Collection entries:
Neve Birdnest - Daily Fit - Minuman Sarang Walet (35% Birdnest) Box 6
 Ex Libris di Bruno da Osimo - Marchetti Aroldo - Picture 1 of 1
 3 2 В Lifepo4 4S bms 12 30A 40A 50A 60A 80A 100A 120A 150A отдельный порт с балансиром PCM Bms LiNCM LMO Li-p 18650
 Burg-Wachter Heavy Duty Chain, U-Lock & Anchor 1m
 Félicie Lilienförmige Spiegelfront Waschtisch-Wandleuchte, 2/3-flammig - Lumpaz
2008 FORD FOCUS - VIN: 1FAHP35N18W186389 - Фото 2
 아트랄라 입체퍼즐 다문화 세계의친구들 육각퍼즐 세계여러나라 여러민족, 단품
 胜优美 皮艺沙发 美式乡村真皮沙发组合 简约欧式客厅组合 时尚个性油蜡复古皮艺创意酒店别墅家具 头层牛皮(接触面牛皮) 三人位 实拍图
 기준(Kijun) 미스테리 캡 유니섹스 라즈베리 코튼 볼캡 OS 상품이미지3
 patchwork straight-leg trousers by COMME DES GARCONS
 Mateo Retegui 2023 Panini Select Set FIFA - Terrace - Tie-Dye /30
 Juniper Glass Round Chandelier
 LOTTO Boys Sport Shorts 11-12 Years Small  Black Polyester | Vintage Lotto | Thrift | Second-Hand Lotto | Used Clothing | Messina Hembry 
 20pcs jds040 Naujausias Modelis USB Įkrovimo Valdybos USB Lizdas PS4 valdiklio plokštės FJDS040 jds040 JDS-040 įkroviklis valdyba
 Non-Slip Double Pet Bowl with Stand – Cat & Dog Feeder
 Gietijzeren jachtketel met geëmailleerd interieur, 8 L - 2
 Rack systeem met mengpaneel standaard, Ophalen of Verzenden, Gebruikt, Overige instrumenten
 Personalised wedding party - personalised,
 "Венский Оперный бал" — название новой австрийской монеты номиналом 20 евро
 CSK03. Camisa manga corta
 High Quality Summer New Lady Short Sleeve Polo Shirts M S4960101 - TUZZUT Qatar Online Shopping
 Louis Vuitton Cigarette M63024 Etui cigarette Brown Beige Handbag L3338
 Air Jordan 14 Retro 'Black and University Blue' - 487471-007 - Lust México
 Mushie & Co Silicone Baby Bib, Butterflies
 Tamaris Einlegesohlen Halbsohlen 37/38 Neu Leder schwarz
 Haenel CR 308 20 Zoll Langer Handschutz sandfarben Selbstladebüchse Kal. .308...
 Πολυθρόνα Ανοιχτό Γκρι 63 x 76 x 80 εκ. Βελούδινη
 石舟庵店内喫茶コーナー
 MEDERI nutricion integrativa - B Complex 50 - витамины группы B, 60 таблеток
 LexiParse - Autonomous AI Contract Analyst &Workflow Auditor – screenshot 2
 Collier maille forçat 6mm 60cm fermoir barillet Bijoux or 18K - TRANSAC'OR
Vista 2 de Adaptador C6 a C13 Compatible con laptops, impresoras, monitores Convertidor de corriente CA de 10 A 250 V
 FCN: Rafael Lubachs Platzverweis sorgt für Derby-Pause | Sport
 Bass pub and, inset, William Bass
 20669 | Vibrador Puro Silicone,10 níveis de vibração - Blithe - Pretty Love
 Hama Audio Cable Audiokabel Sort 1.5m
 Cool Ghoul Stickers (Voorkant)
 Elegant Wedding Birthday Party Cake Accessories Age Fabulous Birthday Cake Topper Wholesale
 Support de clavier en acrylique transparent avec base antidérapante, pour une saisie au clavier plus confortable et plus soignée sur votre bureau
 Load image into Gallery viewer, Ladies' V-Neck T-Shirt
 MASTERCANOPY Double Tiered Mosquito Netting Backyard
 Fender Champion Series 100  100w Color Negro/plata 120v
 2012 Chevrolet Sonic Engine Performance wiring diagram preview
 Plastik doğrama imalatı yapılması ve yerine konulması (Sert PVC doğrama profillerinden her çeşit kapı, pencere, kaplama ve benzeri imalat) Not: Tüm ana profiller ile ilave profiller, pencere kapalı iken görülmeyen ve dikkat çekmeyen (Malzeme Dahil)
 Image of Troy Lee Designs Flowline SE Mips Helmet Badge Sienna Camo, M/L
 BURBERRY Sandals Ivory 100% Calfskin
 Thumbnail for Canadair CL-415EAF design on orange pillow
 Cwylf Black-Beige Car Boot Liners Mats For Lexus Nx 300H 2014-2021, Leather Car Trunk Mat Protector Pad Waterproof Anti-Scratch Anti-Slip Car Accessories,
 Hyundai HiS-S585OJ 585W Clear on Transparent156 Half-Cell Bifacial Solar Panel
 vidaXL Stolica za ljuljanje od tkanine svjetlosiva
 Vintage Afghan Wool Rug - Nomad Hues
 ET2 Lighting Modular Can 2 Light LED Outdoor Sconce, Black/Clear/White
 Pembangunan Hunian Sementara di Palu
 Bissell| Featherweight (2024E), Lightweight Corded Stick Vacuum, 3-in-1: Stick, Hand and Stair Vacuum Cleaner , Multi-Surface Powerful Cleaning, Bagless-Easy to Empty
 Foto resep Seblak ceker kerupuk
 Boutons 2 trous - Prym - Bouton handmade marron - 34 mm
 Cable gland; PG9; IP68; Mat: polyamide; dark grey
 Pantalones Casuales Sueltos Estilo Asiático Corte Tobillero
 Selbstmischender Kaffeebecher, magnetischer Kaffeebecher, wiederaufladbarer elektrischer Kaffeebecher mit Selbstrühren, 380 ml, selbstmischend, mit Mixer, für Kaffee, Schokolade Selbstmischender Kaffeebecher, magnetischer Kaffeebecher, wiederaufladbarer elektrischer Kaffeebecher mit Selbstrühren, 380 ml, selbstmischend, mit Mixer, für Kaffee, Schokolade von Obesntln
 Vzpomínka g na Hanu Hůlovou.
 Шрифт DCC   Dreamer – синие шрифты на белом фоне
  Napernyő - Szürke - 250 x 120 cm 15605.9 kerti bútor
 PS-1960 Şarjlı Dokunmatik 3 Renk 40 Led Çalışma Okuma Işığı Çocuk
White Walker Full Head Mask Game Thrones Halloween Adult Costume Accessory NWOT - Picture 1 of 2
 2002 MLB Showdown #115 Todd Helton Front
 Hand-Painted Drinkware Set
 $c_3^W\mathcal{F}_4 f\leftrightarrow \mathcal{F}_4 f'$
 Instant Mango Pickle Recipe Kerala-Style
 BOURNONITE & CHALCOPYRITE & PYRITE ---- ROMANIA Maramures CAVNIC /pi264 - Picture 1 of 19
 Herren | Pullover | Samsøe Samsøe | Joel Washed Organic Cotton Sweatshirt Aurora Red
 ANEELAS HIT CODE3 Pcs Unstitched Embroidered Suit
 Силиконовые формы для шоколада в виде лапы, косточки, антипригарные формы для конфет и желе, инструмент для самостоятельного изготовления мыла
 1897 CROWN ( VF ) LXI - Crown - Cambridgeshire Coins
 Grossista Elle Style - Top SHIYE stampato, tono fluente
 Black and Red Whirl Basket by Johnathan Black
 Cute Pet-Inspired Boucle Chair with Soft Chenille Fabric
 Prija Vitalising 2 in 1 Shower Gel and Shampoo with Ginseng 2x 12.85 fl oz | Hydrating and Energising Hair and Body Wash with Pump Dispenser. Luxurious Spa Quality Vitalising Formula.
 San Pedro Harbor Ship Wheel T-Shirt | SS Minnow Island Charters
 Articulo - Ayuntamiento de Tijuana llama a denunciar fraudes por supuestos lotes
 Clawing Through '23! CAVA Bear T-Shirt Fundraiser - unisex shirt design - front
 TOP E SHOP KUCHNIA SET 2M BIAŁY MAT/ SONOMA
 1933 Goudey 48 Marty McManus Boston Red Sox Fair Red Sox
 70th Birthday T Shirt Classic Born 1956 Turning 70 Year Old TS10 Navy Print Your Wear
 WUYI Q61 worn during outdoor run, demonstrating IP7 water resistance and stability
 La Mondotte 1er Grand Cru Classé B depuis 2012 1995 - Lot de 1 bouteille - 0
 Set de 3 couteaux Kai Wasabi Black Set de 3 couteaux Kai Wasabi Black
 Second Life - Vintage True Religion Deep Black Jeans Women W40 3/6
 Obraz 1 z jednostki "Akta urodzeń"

PROBLEM DESCRIPTION:
Nothing but the lines above from the one containing "2008 FORD FOCUS" through the one containing "Mateo Retegui 2023" should appear in the answer, each repeated exactly.

SOLUTION BELOW:
2008 FORD FOCUS - VIN: 1FAHP35N18W186389 - Фото 2
 아트랄라 입체퍼즐 다문화 세계의친구들 육각퍼즐 세계여러나라 여러민족, 단품
 胜优美 皮艺沙发 美式乡村真皮沙发组合 简约欧式客厅组合 时尚个性油蜡复古皮艺创意酒店别墅家具 头层牛皮(接触面牛皮) 三人位 实拍图
 기준(Kijun) 미스테리 캡 유니섹스 라즈베리 코튼 볼캡 OS 상품이미지3
 patchwork straight-leg trousers by COMME DES GARCONS
 Mateo Retegui 2023 Panini Select Set FIFA - Terrace - Tie-Dye /30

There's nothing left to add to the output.